* **The task**: No pictures should be carried over. Output all other parts of the entries verbatim.
[Start of section]
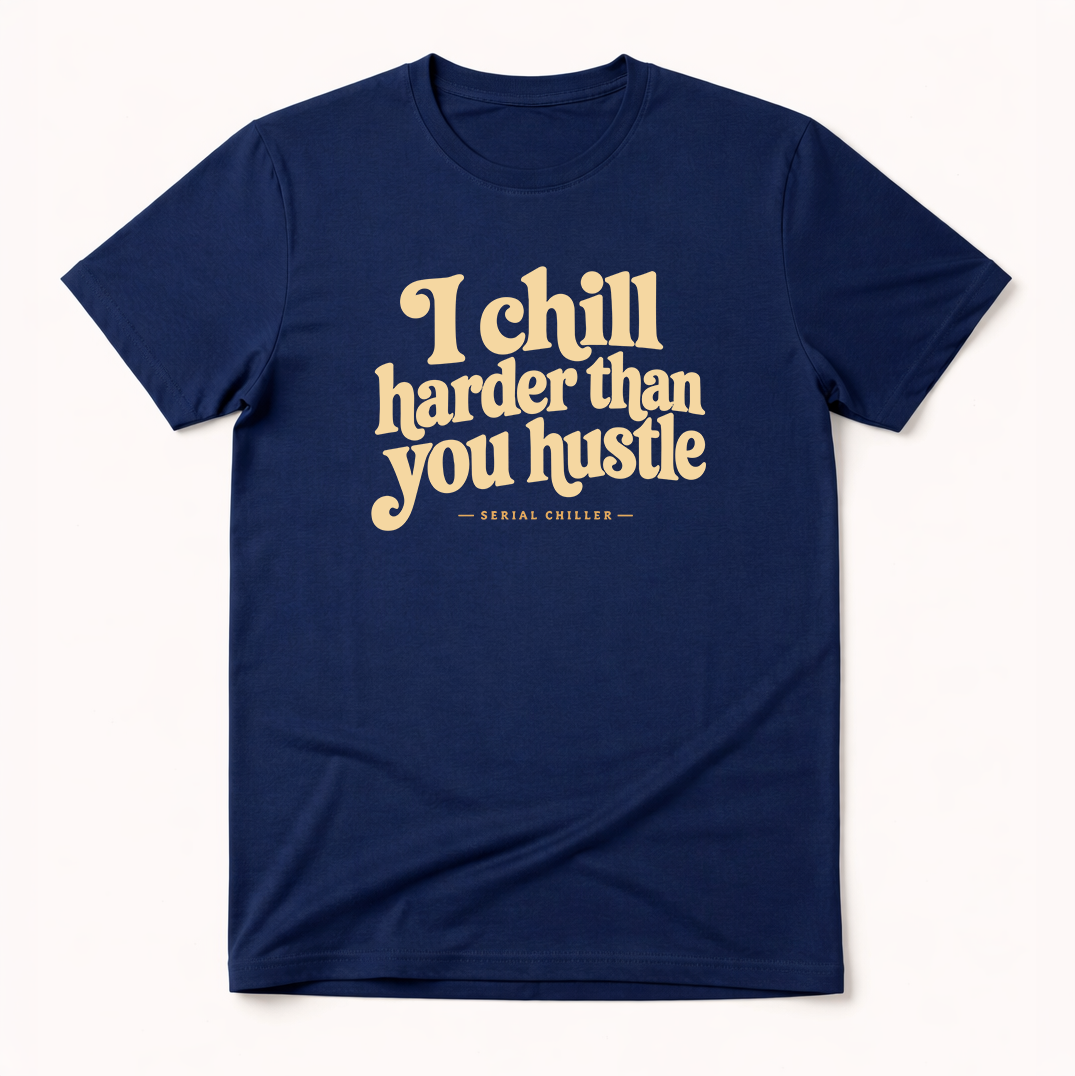 Chill Harder Than You Hustle(W)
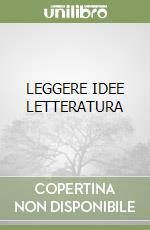 LEGGERE IDEE LETTERATURA libro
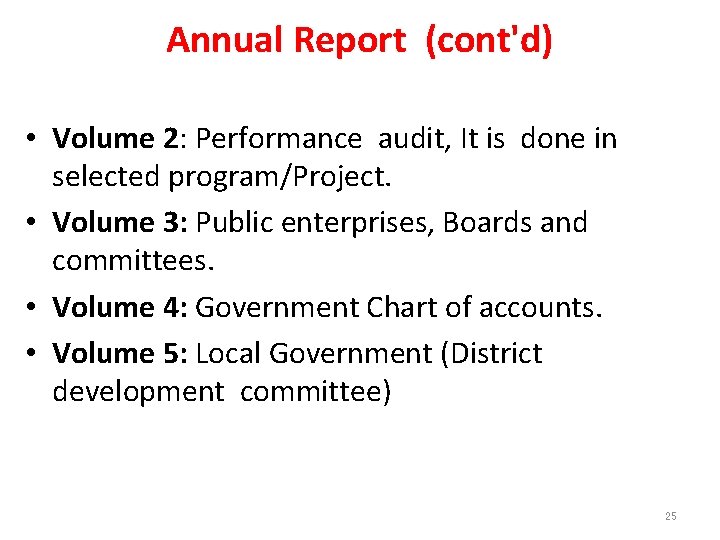 Annual Report (cont'd) • Volume 2: Performance audit, It is done in selected program/Project.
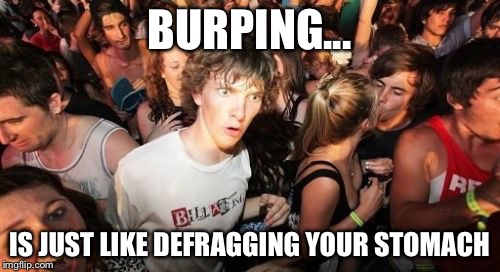 Sudden Clarity Clarence Meme | BURPING... IS JUST LIKE DEFRAGGING YOUR STOMACH | image tagged in memes,sudden clarity clarence | made w/ Imgflip meme maker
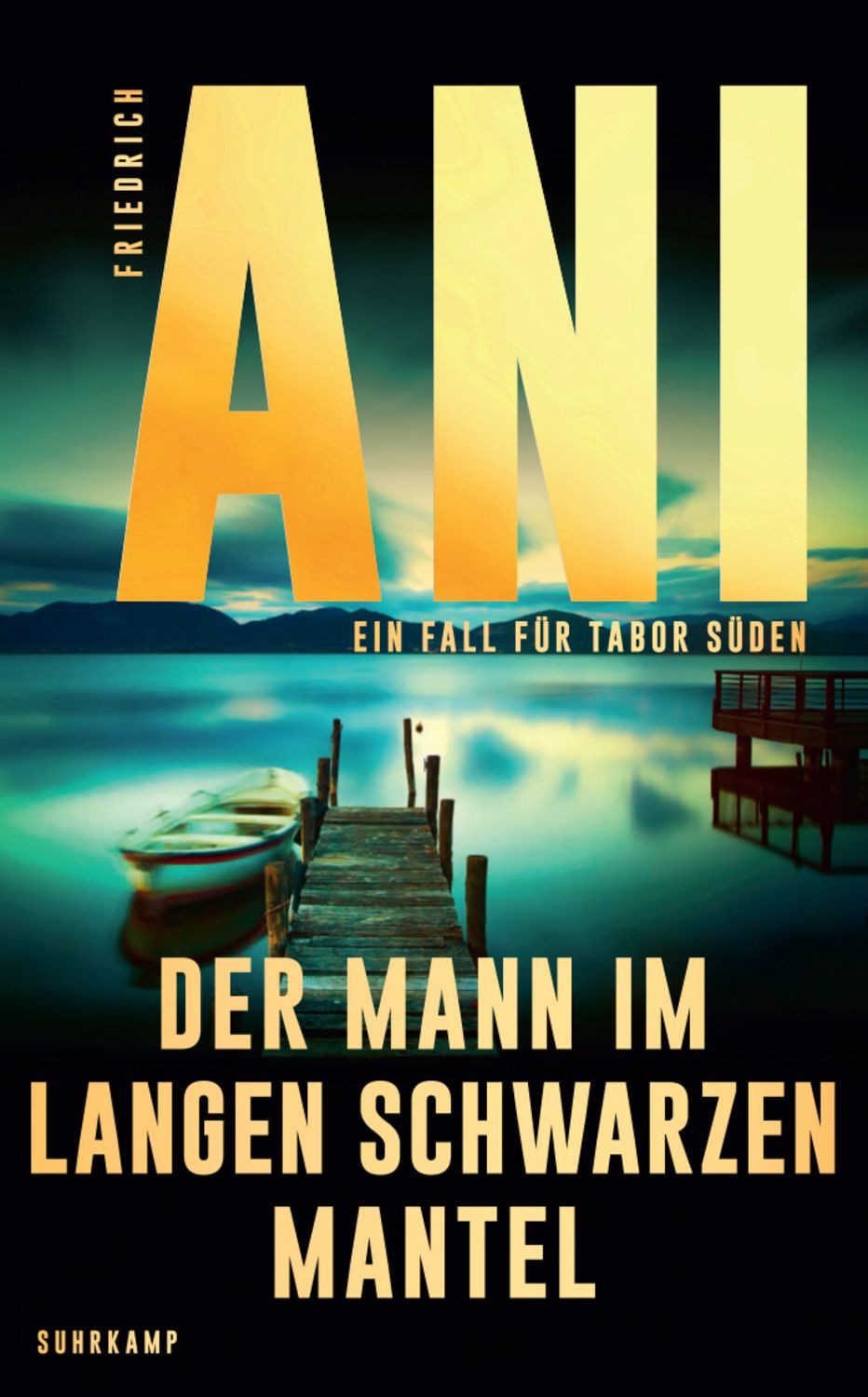 Der Mann im langen schwarzen Mantel − Ein Fall für Tabor Süden (14) / Friedrich Ani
[End of section]
* **Exercise answer**:
 Chill Harder Than You Hustle(W)
 LEGGERE IDEE LETTERATURA libro
 Annual Report (cont'd) • Volume 2: Performance audit, It is done in selected program/Project.
 Sudden Clarity Clarence Meme | BURPING... IS JUST LIKE DEFRAGGING YOUR STOMACH | image tagged in memes,sudden clarity clarence | made w/ Imgflip meme maker
 Der Mann im langen schwarzen Mantel − Ein Fall für Tabor Süden (14) / Friedrich Ani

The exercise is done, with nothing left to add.